■ TRY IT:
Restate, exactly as written, the entries below from the line that holds "2018 TESLA MODEL" through the line that holds "BOUCLE D'OREILLE–Eliom–ACIER DORE Zag Bijoux". Pictures are not part of the copy.

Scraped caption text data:

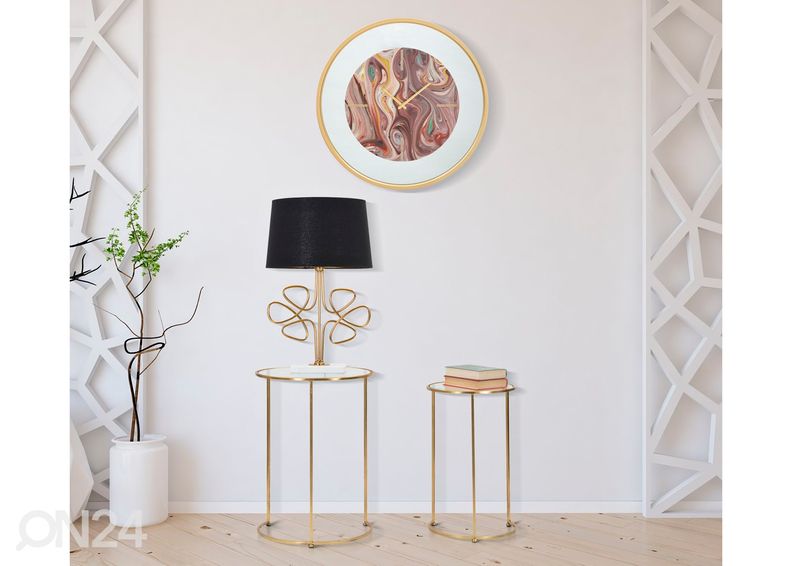 Seinäkello 60 cm kuvasuurennos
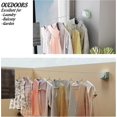 thumbnail image 5 of Retractable Laundry Drying Rack, Heavy Duty Indoor Outdoor Clothes Drying Rack Wall Mounted Easy Hanging Clothes Drying Rack, 5 of 5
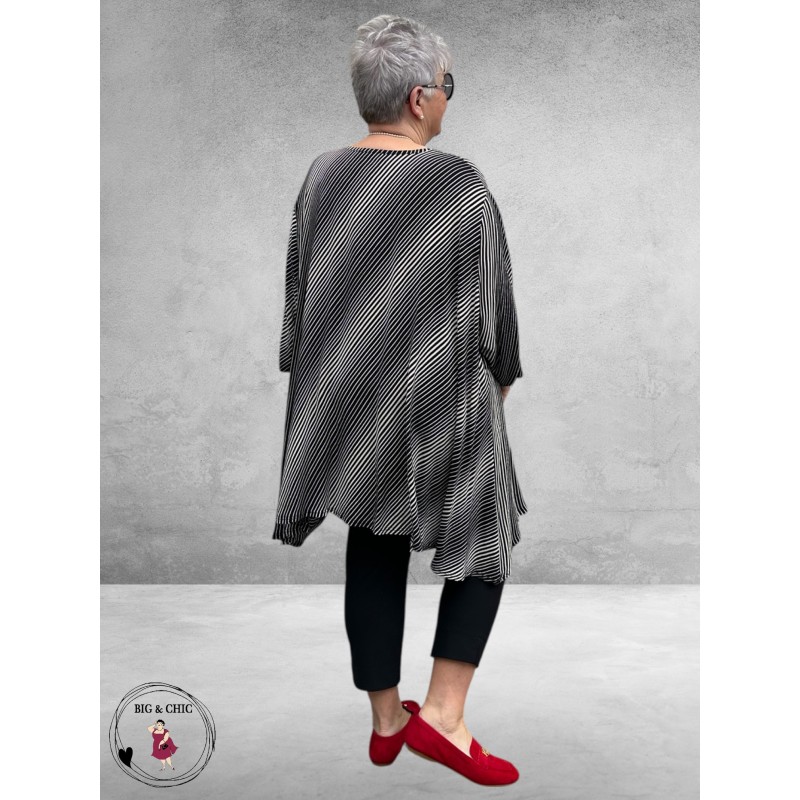 AKH Big Shirt Doppler Zwart/Offwhite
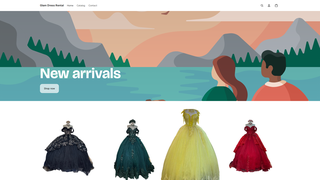 Thumbnail of glamdressrental.com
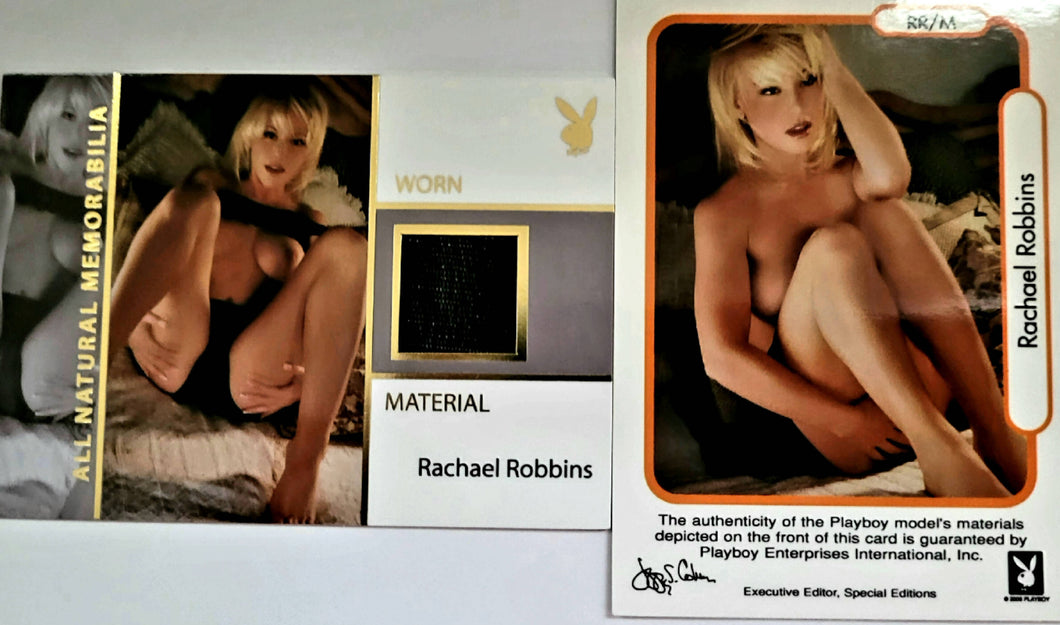PLAYBOY'S NATURAL BEAUTIES ALL NATURAL MEMORABILIA WORN MATERIAL RACHAEL ROBBINS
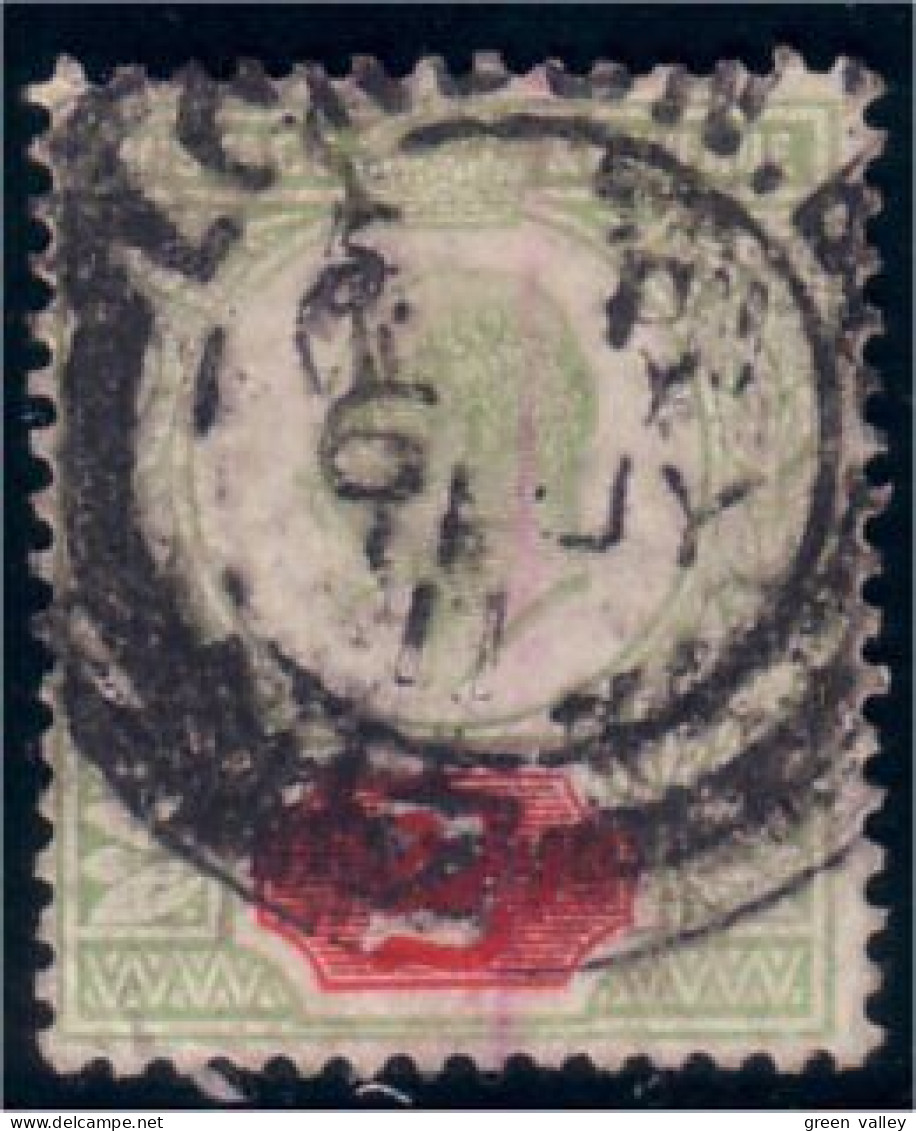 410 G-B 1902 2d Green Red (GB-29) - Used Stamps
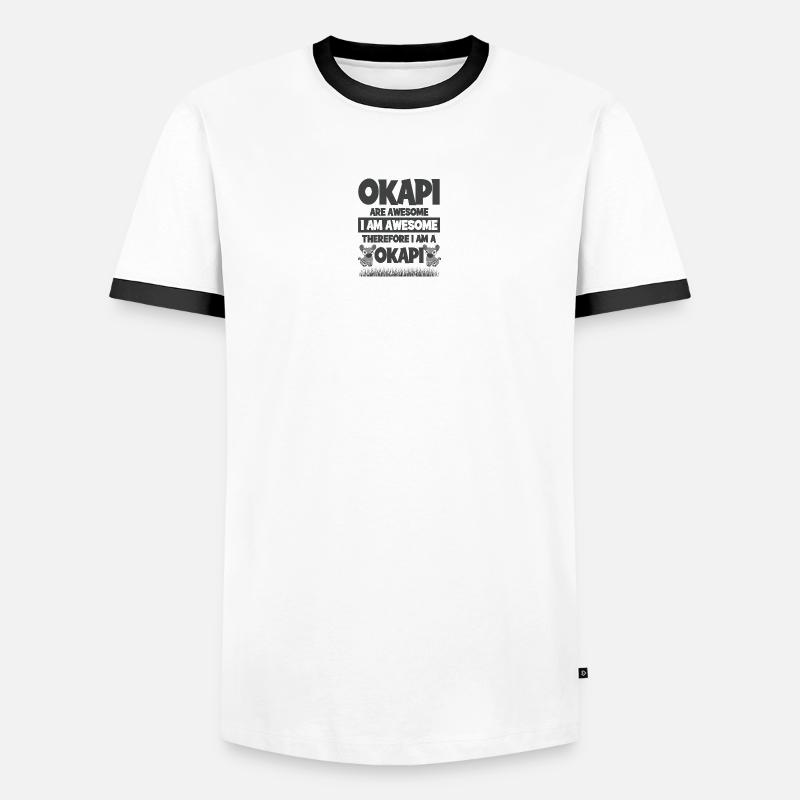 Okapi Design - Men's Ringer Shirt - white/black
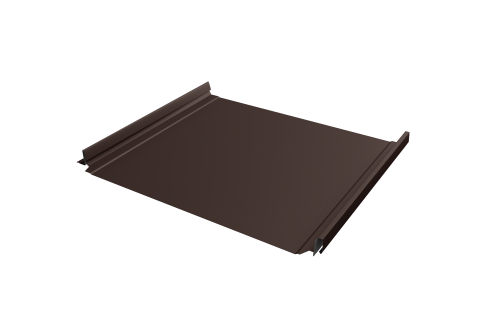 Кликфальц Pro Grand Line 0,5 PE с пленкой на замках RAL 8017 шоколад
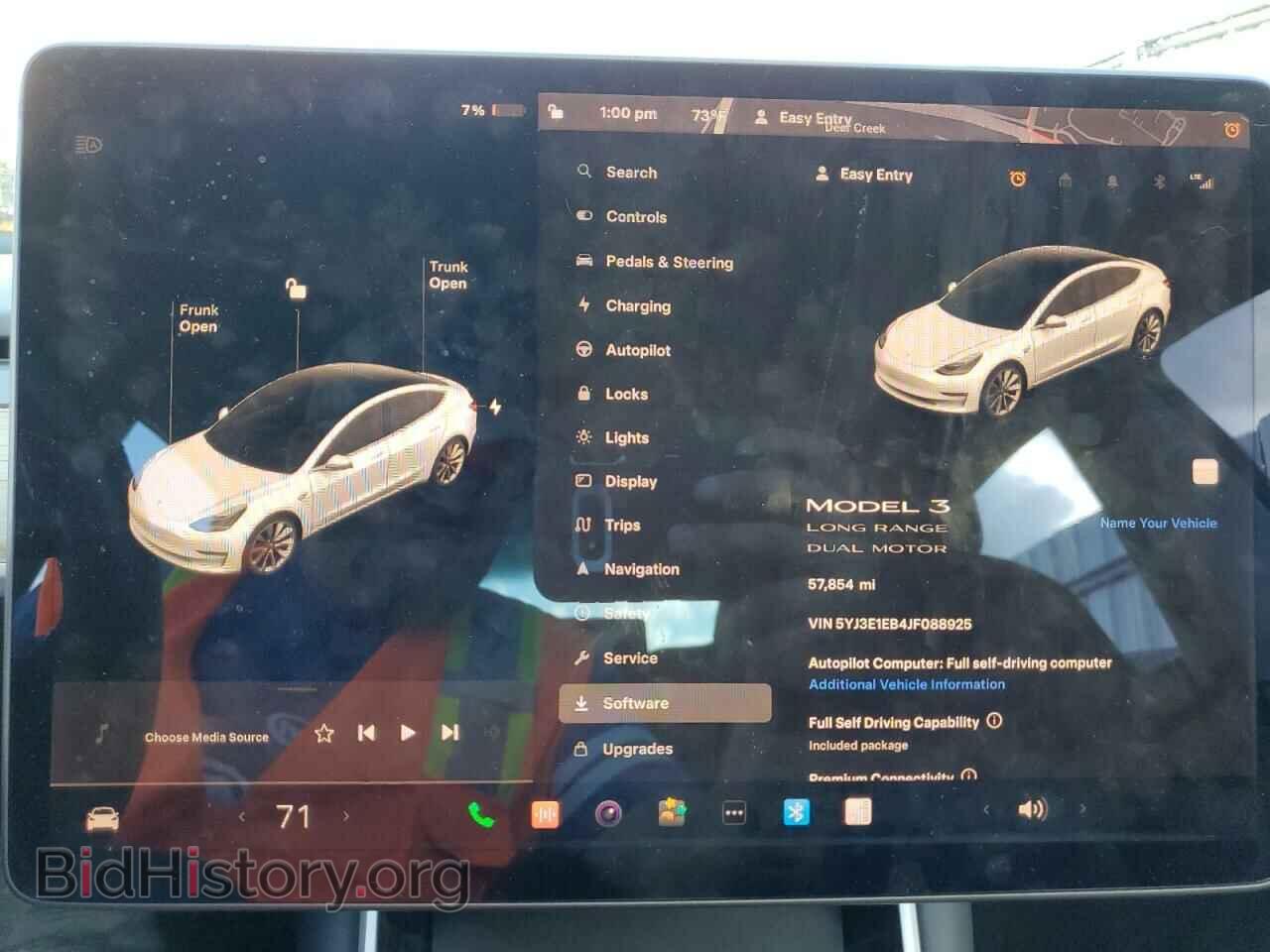 2018 TESLA MODEL 3 - VIN: 5YJ3E1EB4JF088925 - Фото 9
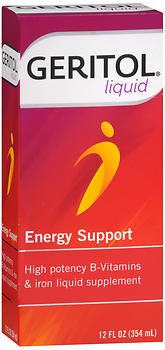 GERITOL ENERGY SUPPORT LIQUID DIETARY SUPPLEMENT 12 OZ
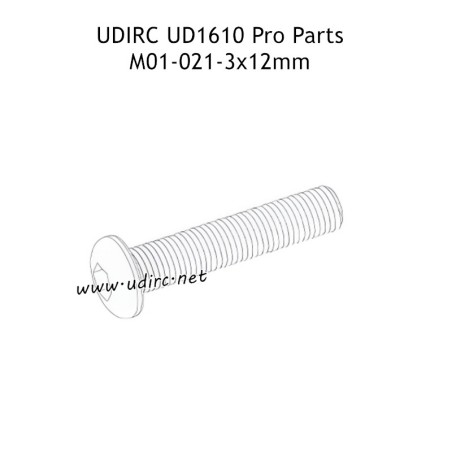 UDIRC UD1610 Pro RC Car Parts 3x12mm TM Hexagon Socket Button Head Machine Screw M01-021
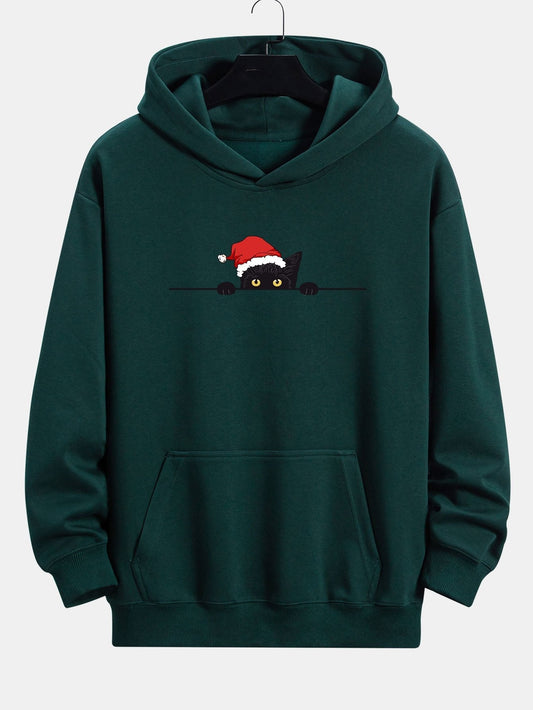 ALVARDE Christmas Black Cat Hoodie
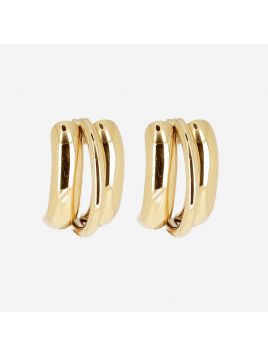 BOUCLE D'OREILLE–Eliom–ACIER DORE Zag Bijoux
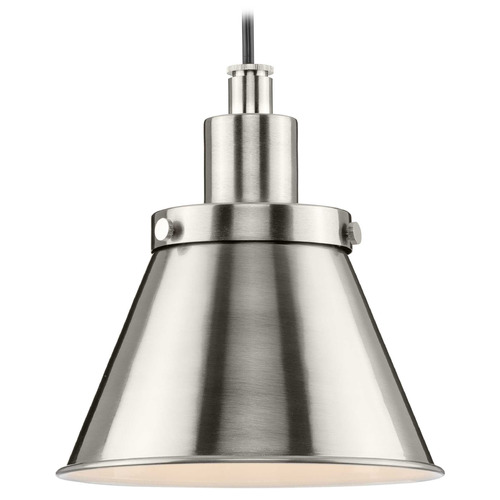 Progress Lighting Hinton 1-Light Brushed Nickel Mini Pendant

■ ANSWER:
 2018 TESLA MODEL 3 - VIN: 5YJ3E1EB4JF088925 - Фото 9
 GERITOL ENERGY SUPPORT LIQUID DIETARY SUPPLEMENT 12 OZ
 UDIRC UD1610 Pro RC Car Parts 3x12mm TM Hexagon Socket Button Head Machine Screw M01-021
 ALVARDE Christmas Black Cat Hoodie
 BOUCLE D'OREILLE–Eliom–ACIER DORE Zag Bijoux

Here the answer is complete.